Dataset records:

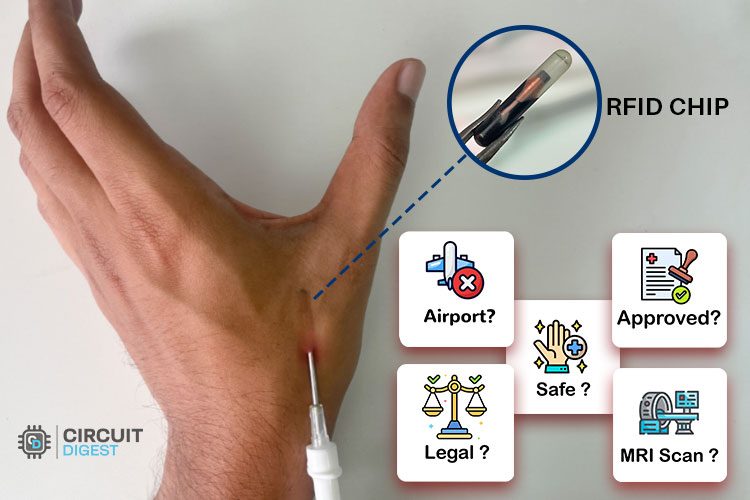 RFID Chip Implant RFID Chip Implant
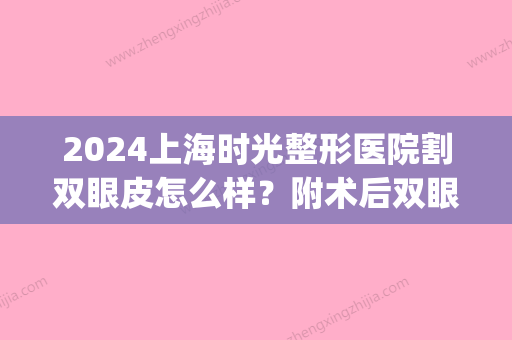 2024上海时光整形医院割双眼皮怎么样？附术后双眼皮美照案例分享(上海时光做双眼皮怎么样)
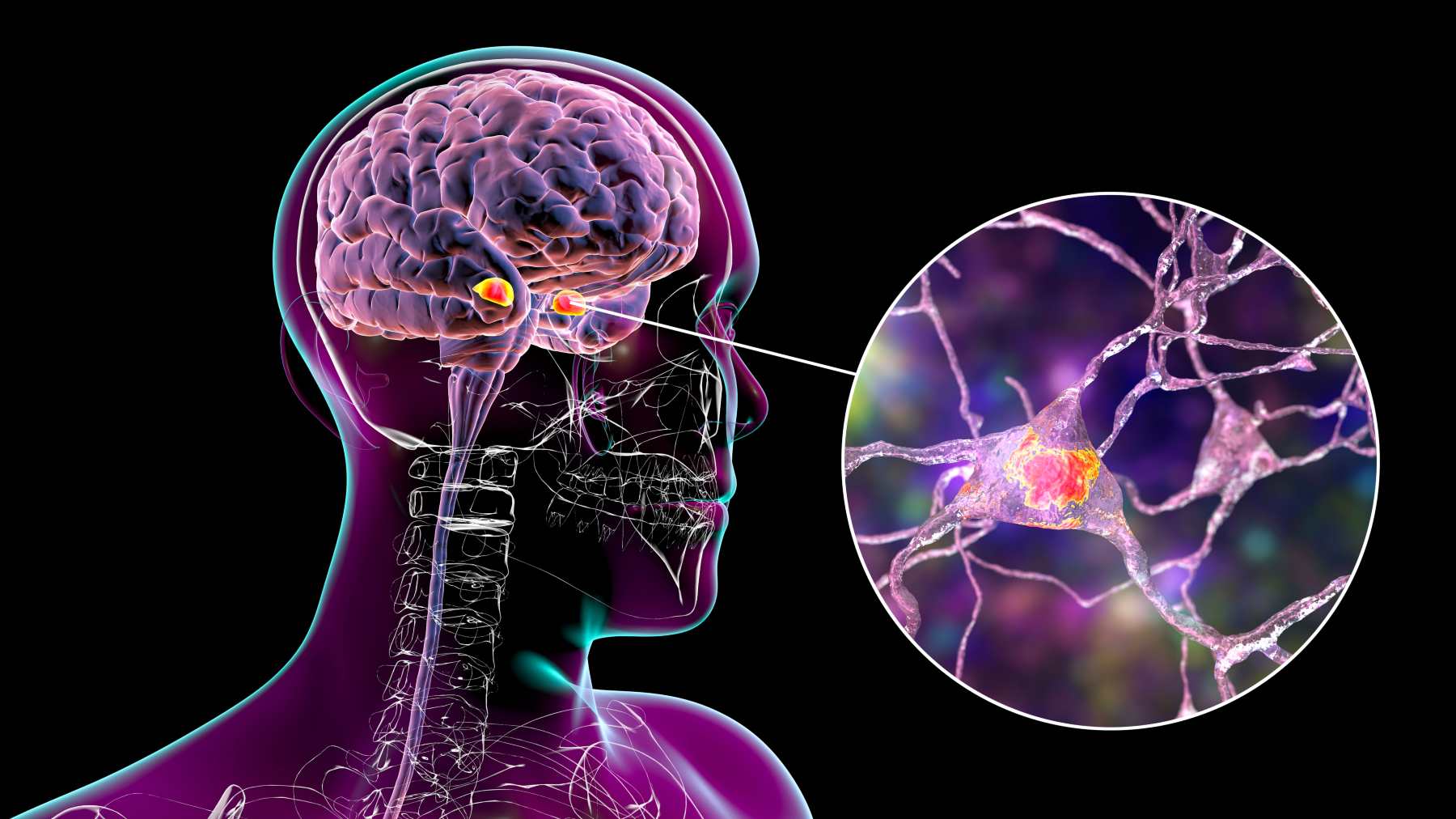 Estimulación cerebral profunda.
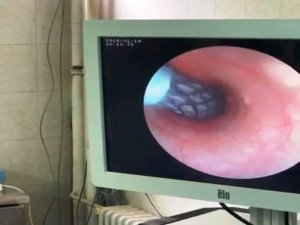 Türkiye’de İlk Kez Bir Köpeğe Stent Takıldı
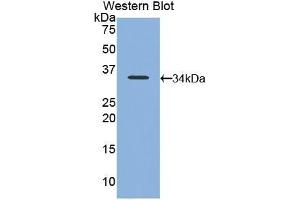 Detection of Recombinant NB1, Mouse using Polyclonal Antibody to Neutrophil Specific Antigen 1 (NB1) (CD177 antibody  (AA 193-468))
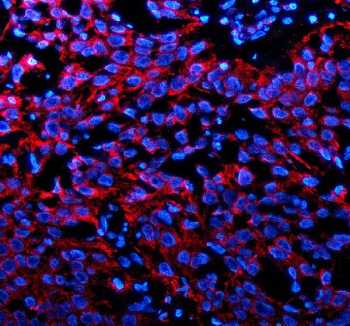 Immunofluorescent staining of P2RX1 using anti-P2RX1 antibody (red). P2RX1 was detected in a paraffin-embedded section of human bladder cancer tissue. Heat mediated antigen retrieval was performed in EDTA buffer (pH 8.0, epitope retrieval solution). The tissue section was blocked with 10% goat serum. The tissue section was then incubated with 5 ug/ml rabbit anti-P2RX1 antibody overnight at 4oC. Cy3 Conjugated Goat Anti-Rabbit IgG was used as secondary antibody at 1:500 dilution and incubated for 30 minutes at 37oC. The section was counterstained with DAPI nuclear stain (blue). Visualize using a fluorescence microscope and filter sets appropriate for the label used.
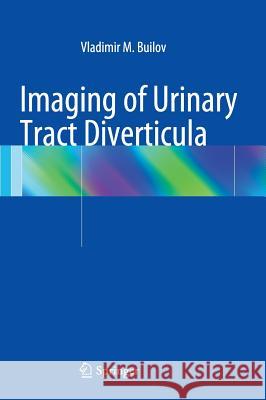 Imaging of Urinary Tract Diverticula Vladimir M. Builov 9783319053820 Springer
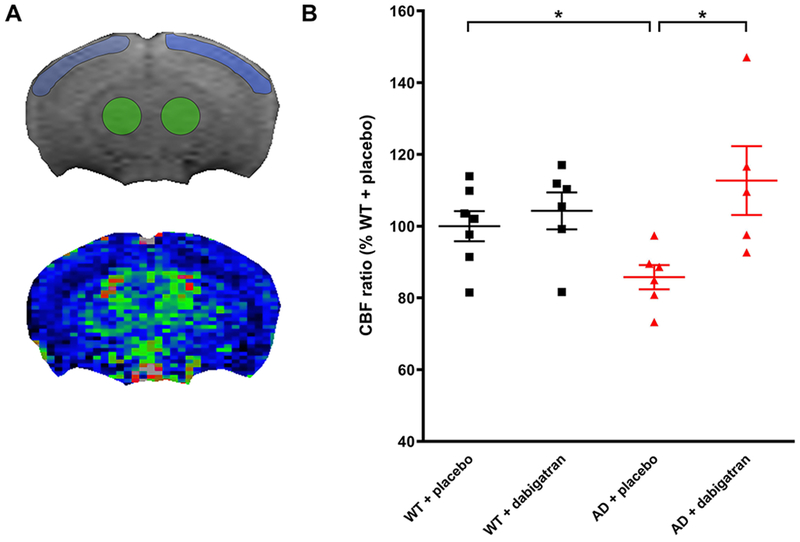 Figure. 3.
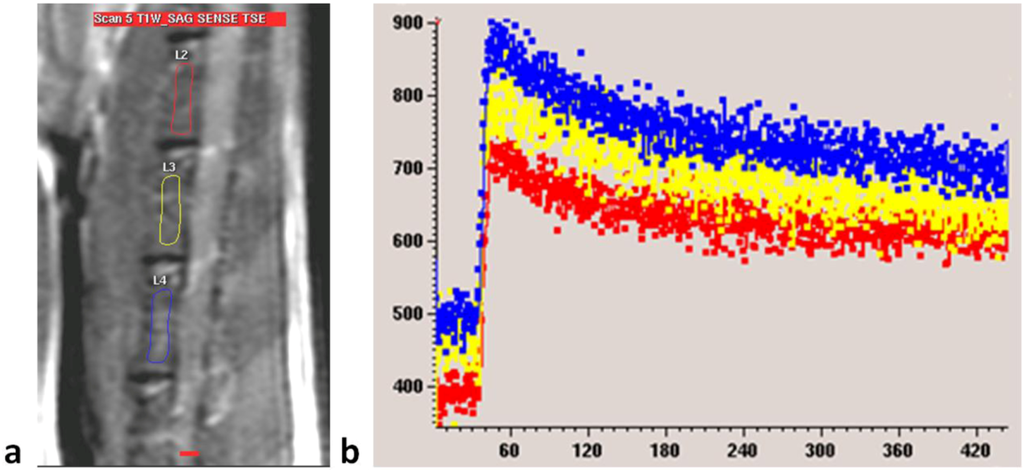 Pharmaceutics 05 00023 g006 1024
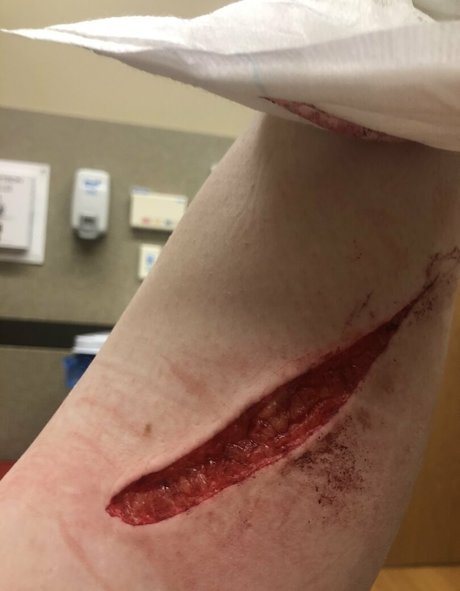 lewdhyena exclusive star pic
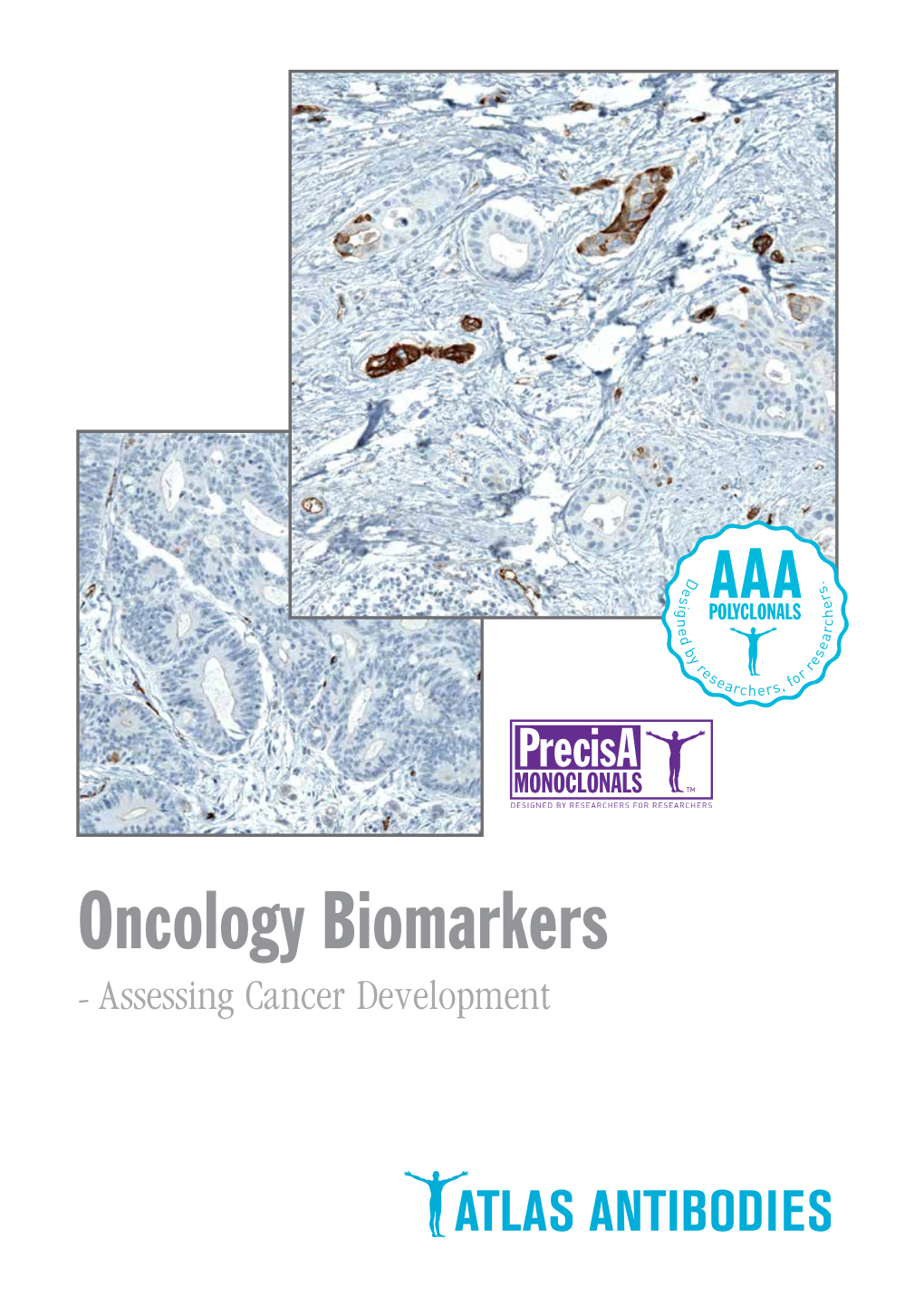 Oncology Biomarkers - Assessing Cancer Development Oncology Biomarkers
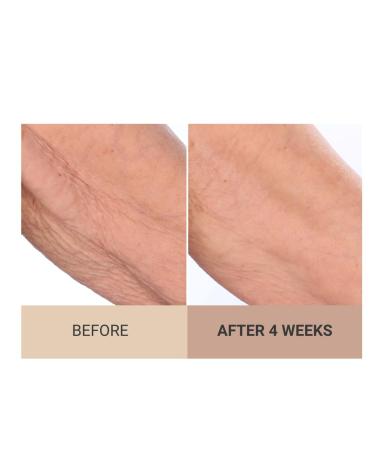 Consult Beaute Unscented Champagne Lift Hydrating Firming Body Cream with Pink Pepperslim Moisturizer Tightens Crepey Skin Tones & Hydrates Dry Skin on Arms & Legs - 8 oz. - Buy Online on GoSupps.com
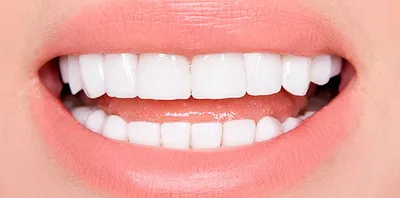 Гигиенические правила ухода за зубами - какие существуют правила ухода за  зубами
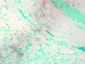 KCNQ1 Antibody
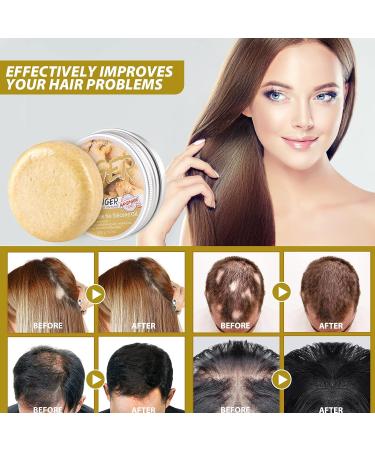 Ginger Hair Regrowth Shampoo Bar - Natural Organic Formula for Hair Growth (2 Pcs) - Buy Online on GoSupps.com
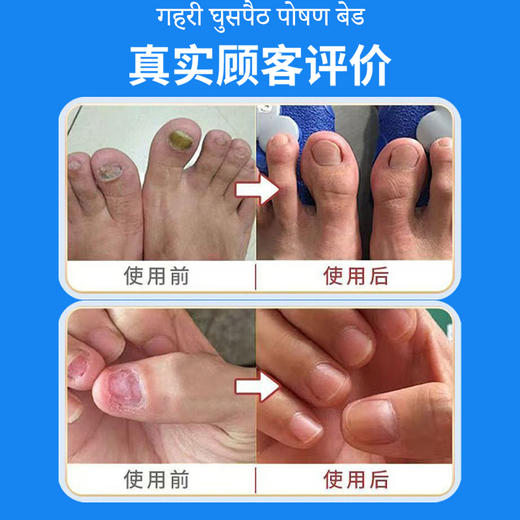 热卖中！！【源自印度 984 制药实验室】 灰指修复液，深层渗透抑菌，滋养修护护甲，形成保护层！ 商品图3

Task prompt:
Your copy of the entries must be exact and must contain no pictures.

Solution for this exercise:
 RFID Chip Implant RFID Chip Implant
 2024上海时光整形医院割双眼皮怎么样？附术后双眼皮美照案例分享(上海时光做双眼皮怎么样)
 Estimulación cerebral profunda.
 Türkiye’de İlk Kez Bir Köpeğe Stent Takıldı
 Detection of Recombinant NB1, Mouse using Polyclonal Antibody to Neutrophil Specific Antigen 1 (NB1) (CD177 antibody  (AA 193-468))
 Immunofluorescent staining of P2RX1 using anti-P2RX1 antibody (red). P2RX1 was detected in a paraffin-embedded section of human bladder cancer tissue. Heat mediated antigen retrieval was performed in EDTA buffer (pH 8.0, epitope retrieval solution). The tissue section was blocked with 10% goat serum. The tissue section was then incubated with 5 ug/ml rabbit anti-P2RX1 antibody overnight at 4oC. Cy3 Conjugated Goat Anti-Rabbit IgG was used as secondary antibody at 1:500 dilution and incubated for 30 minutes at 37oC. The section was counterstained with DAPI nuclear stain (blue). Visualize using a fluorescence microscope and filter sets appropriate for the label used.
 Imaging of Urinary Tract Diverticula Vladimir M. Builov 9783319053820 Springer
 Figure. 3.
 Pharmaceutics 05 00023 g006 1024
 lewdhyena exclusive star pic
 Oncology Biomarkers - Assessing Cancer Development Oncology Biomarkers
 Consult Beaute Unscented Champagne Lift Hydrating Firming Body Cream with Pink Pepperslim Moisturizer Tightens Crepey Skin Tones & Hydrates Dry Skin on Arms & Legs - 8 oz. - Buy Online on GoSupps.com
 Гигиенические правила ухода за зубами - какие существуют правила ухода за  зубами
 KCNQ1 Antibody
 Ginger Hair Regrowth Shampoo Bar - Natural Organic Formula for Hair Growth (2 Pcs) - Buy Online on GoSupps.com
 热卖中！！【源自印度 984 制药实验室】 灰指修复液，深层渗透抑菌，滋养修护护甲，形成保护层！ 商品图3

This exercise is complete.